Rangers have made a bold appointment, while the Women's World Cup garners a lot of attention, but does it merit it.
Rangers have made an imaginative and most interesting appointment by putting Mark Warburton in charge of their ailing club and its struggling team next season.
As we know Warburton, previously something in the city of some consequence, having qualified as a football coach, took over Brentford and last season actually got them into the play offs. Though the hope that they might regain their position in the senior division which they lost in 1947, a once lively and successful team having grown old together, was doomed to be frustrated.
I still find it hard to comprehend Rangers’ pitiful descent from dominance into disaster. They too reached their respective play offs last season but were soundly beaten both home and away by Motherwell.

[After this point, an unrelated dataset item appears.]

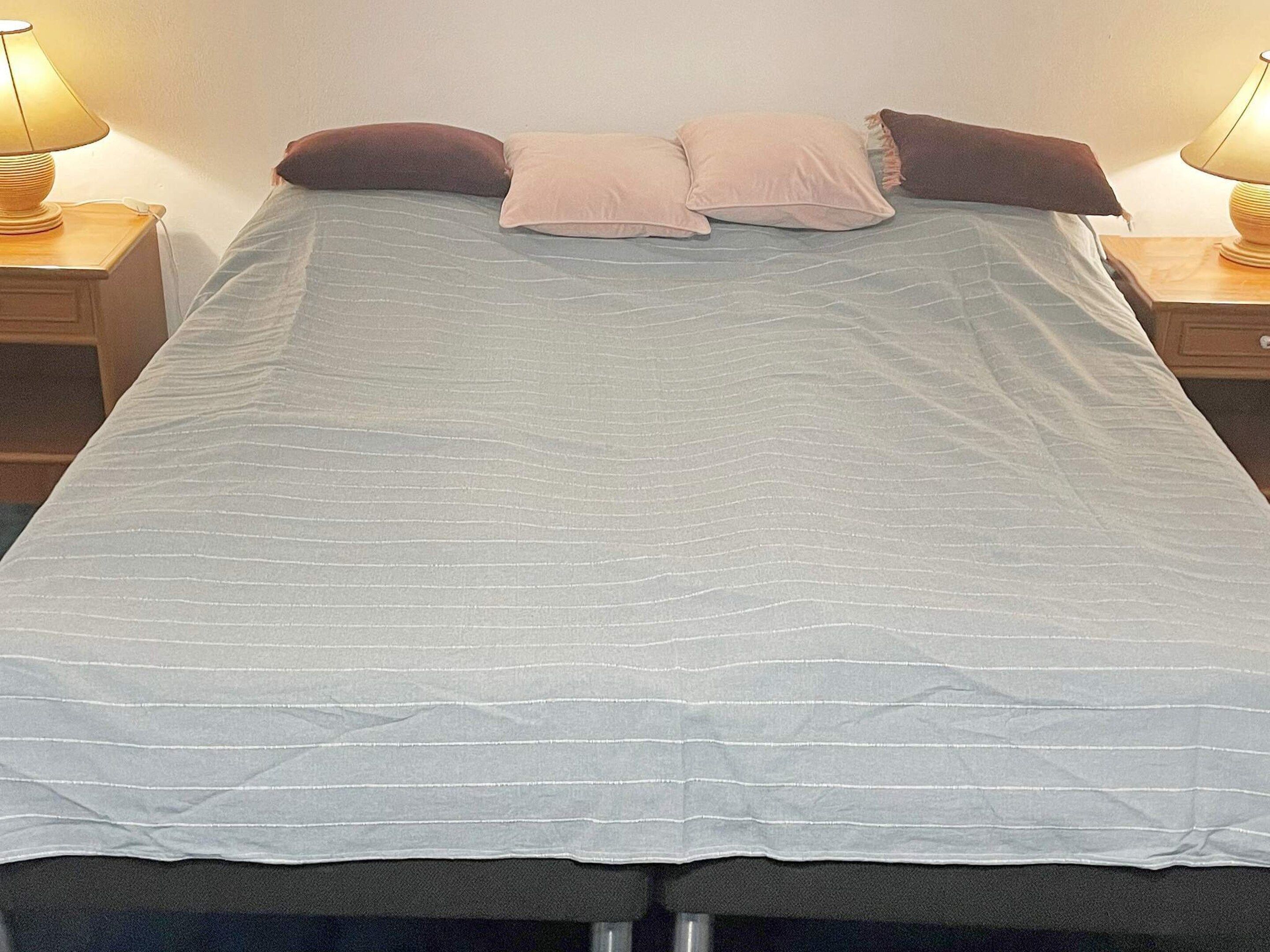 Sänky valkoisella päiväpeitteellä, kaksi yöpöytää, joissa on lamput, ja kaksi tyynyä.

Do we really know what went wrong at Ibrox? How and why did the club fall into the dubious hands of men who let it slip down the divisions? Gone are the days when the so-called Protestant ascendancy in Glasgow put them in a position of which might be called untouchability.
One remembers a shocking disaster in a match at Ibrox when a crush barrier collapsed, spectators were killed; and it turned out that the man appointed to mend the barrier was…a plumber. Yet the club was never prosecuted.

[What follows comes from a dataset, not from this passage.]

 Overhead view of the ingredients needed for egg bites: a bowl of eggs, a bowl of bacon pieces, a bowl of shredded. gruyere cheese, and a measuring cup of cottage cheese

But it’s truly imaginative to appoint Warburton who isn’t even Scottish as Rangers’ managers traditionally have been – sometimes like Struth lasting decades – and when Warburton has had such an unusual variegated career.
I hope he succeeds.
Two leading columnists, Martin Samuel and Rod Liddle, have been somewhat scathing about the attention given to the women’s World Cup games played in Canada and the England team’s prowess.
Pointing out that by objective standards, the level of play is barely modest. I plead guilty, having myself been obliged to report an England women’s international a couple of times in the past, to agree with them.

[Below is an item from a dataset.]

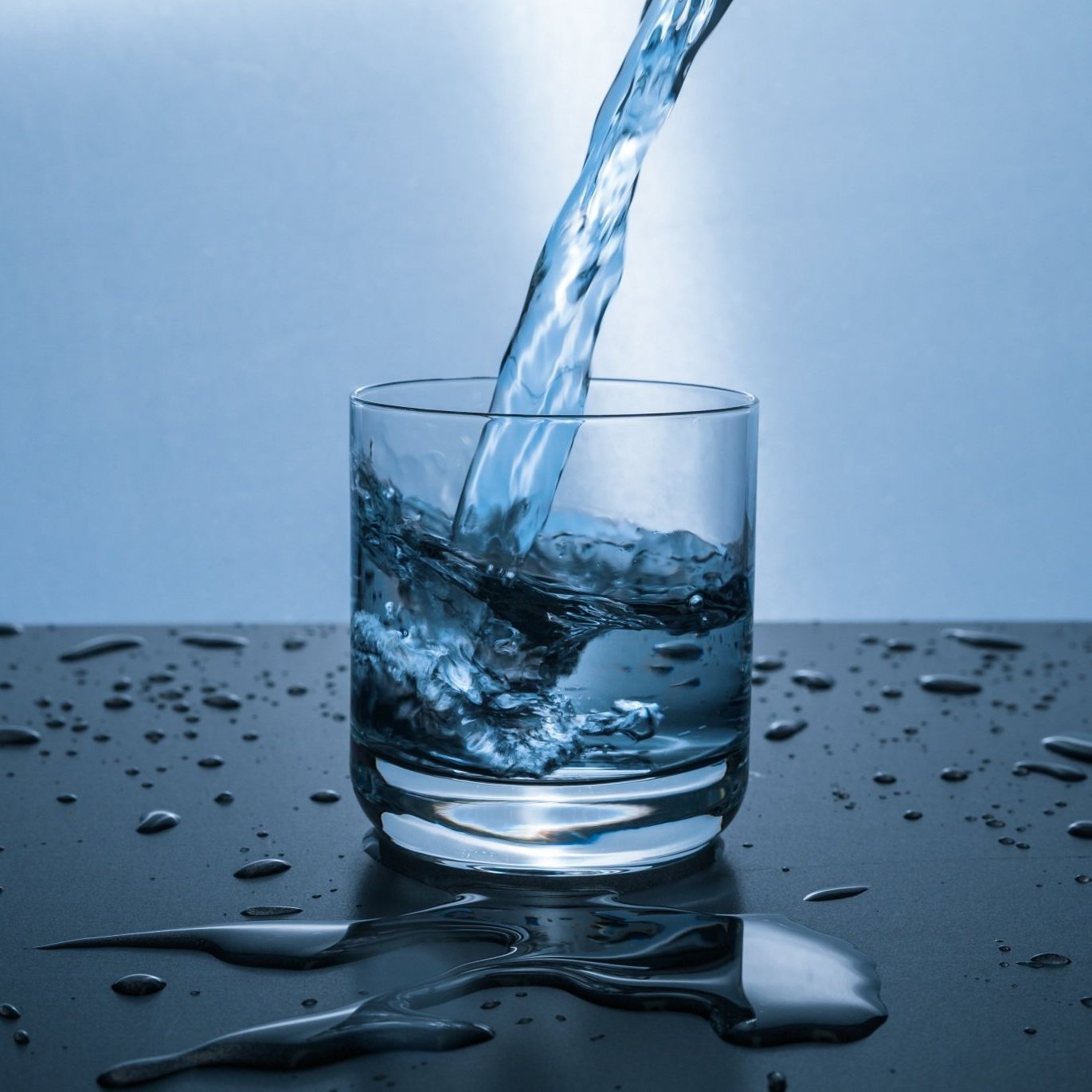 a glass of water is being poured into it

Indeed I once suggested – doubtless a hanging offence today – that it should be played behind closed doors by consenting adults. Eliciting Dr Johnson’s dictum, admittedly well overtaken by time, that “A woman preaching is like a dog walking on its hind legs. It is not well done but it is surprising to see it done at all.”
Admittedly colossal crowds attended the successes in the USA of a women’s team which won major honours, President Bill Clinton himself attending their triumph. But one felt at the time that such massive attention was given to the women’s prowess because at that time the men’s team had so little to offer. Times, however, have radically changed.
Incidentally, and bewilderingly BBC Radio Five Live broadcast the whole of the women’s team victory over Norway. I’d be most interested to know the listening figures.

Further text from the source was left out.